Smallest local footprint. Good default for the first remote run.

  • Keys: ADS_TOKEN, OPENROUTER_API_KEY
  • Hardware: any machine that can run the Python package
  • Defaults:
    • translation: remote OpenRouter chat model
    • document embeddings: remote OpenRouter embedding model
    • Toponymy-internal embeddings: Qwen3 through OpenRouter
    • labeling: remote OpenRouter LLM
    • backend: toponymy
  • Not used: no local model downloads, no llama-server

hf_api

One remote provider with Hugging Face model identifiers.

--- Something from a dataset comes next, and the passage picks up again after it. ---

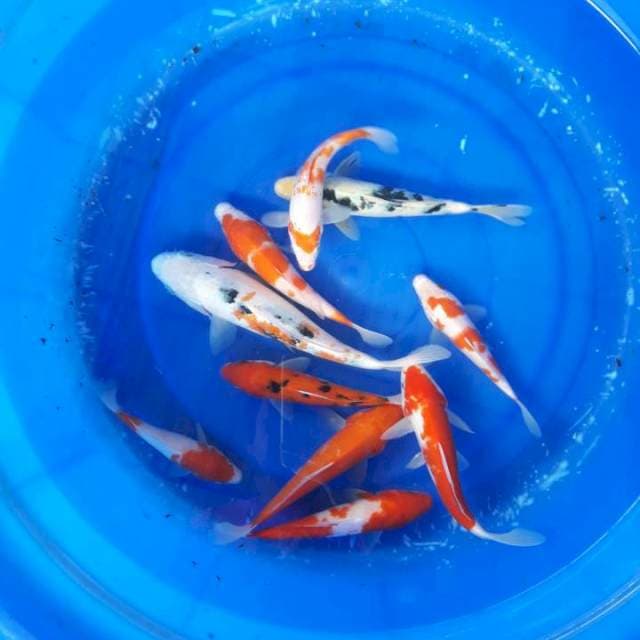 Mix koi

  • Keys: ADS_TOKEN, HF_TOKEN
  • Hardware: any machine that can run the Python package
  • Defaults:
    • translation: Hugging Face Inference API
    • embeddings: Hugging Face Inference API
    • labeling: Hugging Face Inference API
    • backend: bertopic

hf_api supports both bertopic and toponymy via huggingface_api for embeddings and labeling. The provider stack stays identical across the two backends.

local_cpu

Local run without requiring CUDA.

  • Keys: ADS_TOKEN
  • Hardware: standard CPU machine
  • Defaults:
    • translation: nllb via CTranslate2
    • embeddings: local SentenceTransformers (google/embeddinggemma-300m)
    • labeling: GGUF via llama_server, preset model mradermacher/Qwen3.5-0.8B-GGUF / Qwen3.5-0.8B.Q4_K_M.gguf
    • backend: bertopic
  • Optional switch: set topic_model.llm_provider=local to use local Transformers labeling instead

The llama-server runtime is package-managed. With llama_server.command: "llama-server", ads-bib resolves the executable from PATH, then from the managed cache under data/models/llama_cpp/, then by downloading the pinned runtime on demand. Set llama_server.command to an explicit path only when you intentionally want to override that.

local_gpu

Local GPU road for machines with a compatible Torch/CUDA stack.

  • Keys: ADS_TOKEN
  • Hardware:
    • NVIDIA / CUDA for the official accelerated path
    • without CUDA, local HF/Torch work falls back to CPU and doctor flags the official GPU road as unsupported
  • Defaults:
    • translation: google/translategemma-4b-it via local transformers
    • embeddings: local SentenceTransformers (google/embeddinggemma-300m)
    • labeling: local transformers with google/gemma-3-1b-it
    • backend: bertopic
  • Optional switch: set topic_model.llm_provider=llama_server to use GGUF labeling instead

GPU runtime differs between Windows and Linux

When llama_server is used as the labeling provider on local_gpu, the managed binary is platform-specific:

OS Managed llama-server build PyTorch stack
Windows CUDA 12.4 CUDA 12.4
Linux Vulkan CUDA 12.4

On Linux, the llama-server binary uses the official llama.cpp Vulkan build, while embeddings and transformers-based translation still run on CUDA via PyTorch. This split is deliberate: Vulkan is the supported distribution path for a prebuilt GPU binary of llama.cpp on Linux, and it works on the same NVIDIA driver stack as CUDA PyTorch. No extra action is required — the right binary is selected automatically.

First-Run Behavior

The first run on a fresh machine or in a fresh env is usually the slowest. ads-bib run may download or warm:

  • lid.176.bin for fastText language detection
  • the spaCy tokenization model
  • NLLB or TranslateGemma weights
  • SentenceTransformer model weights
  • the package-managed llama-server binary and GGUF weights

Later runs reuse those assets from cache. None of them add a pipeline stage — they only populate the caches for the stages you already asked to run.

If wall-clock time on the first attempt is the problem (not a missing file), see Troubleshooting — First run is slower than expected for the same list in a symptom → fix form.